Brain oscillations have been proven to play a functional role in cognition (Giustiniani et al. 2022). Alterations in brain oscillations are linked to the progression of cognitive decline in some neurological diseases, such as Alzheimer’s disease (AD), frontotemporal degeneration (FTD), and vascular dementia (VaD) (Giustiniani et al. 2022). It has been reported that MW radiation could impair the learning and memory of rats along with the decreased power of α band oscillations and the increased θ band activities (Wang et al. 2017; Hao et al. 2018; Li et al. 2015). In our study, similar results were observed for 1.5 GHz MW radiation. Moreover, the effects of EMP radiation remain controversial. Li J et al. (Li et al. 2003) found that 200 kV/m EMP radiation (repetition rate of 0.5 Hz for 200 pulses) caused changes in the electrophysiological activity of the rat brain. In contrast, Mattsson JL et al. (Mattsson and Oliva 1976) reported that 266 kV/m EMP radiation (repetition rate of 5 pps Hz for 18,700 pulses) had no effects in rhesus monkeys. Our results showed that the power of α band brain oscillations decreased concurrently with the decline in learning and memory. The conflicts between our results and the negative observation in the previous monkey study might rely on the differences in the physical parameters of EMP and the species of animal model. Furthermore, combined MW radiation with multiple frequencies was reported to be harmful to the brain electrophysiological activity of rats (Tan et al. 2017; Zhu et al. 2021). In this study, we observed decreased power of α band brain oscillations in rats along with learning and memory deficits following combined exposure to MW and EMP radiation. All of these results implied that either single or combined MW and EMP radiation could induce learning and memory impairment via alteration of brain electrophysiological activity.

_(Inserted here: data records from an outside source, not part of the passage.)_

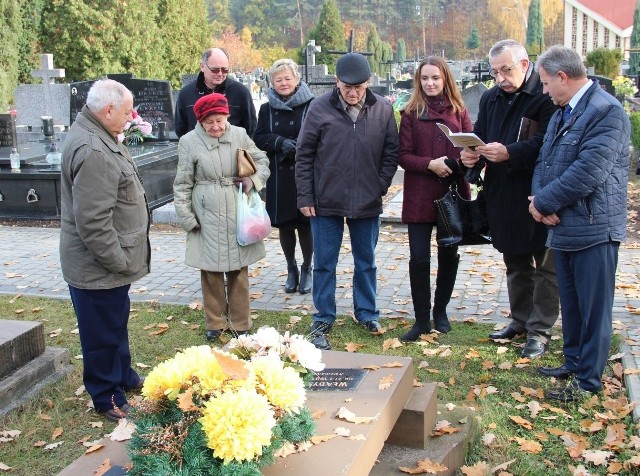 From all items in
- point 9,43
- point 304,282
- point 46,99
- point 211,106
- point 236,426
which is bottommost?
point 304,282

Learning and memory abilities are known to be closely associated with the status of hippocampal neurons (Bettio et al. 2017; Eichenbaum 2000). Single exposure to either MW or EMP radiation was found to be responsible for structural damage to hippocampal neurons in rats (Li et al. 2019; Zhu et al. 2021; Saikhedkar et al. 2014). Neurodegeneration in the hippocampus is one of the reasons for the learning and memory decline induced by MW and EMP single radiation (Li et al. 2019; Zhu et al. 2021; Saikhedkar et al. 2014). In this study, deeply stained nuclei, damage to mitochondria, and blurred synaptic clefts were observed in the rat hippocampus after either single or combined exposure to MW and EMP radiation. Considering the functions of the hippocampus, these results suggested that damage to hippocampal neurons accounted for the learning and memory decline induced by either single or combined exposure to MW and EMP radiation. Moreover, the damage to hippocampal neurons induced by the combined radiation was more severe than that induced by single exposures to either MW or EMP radiation.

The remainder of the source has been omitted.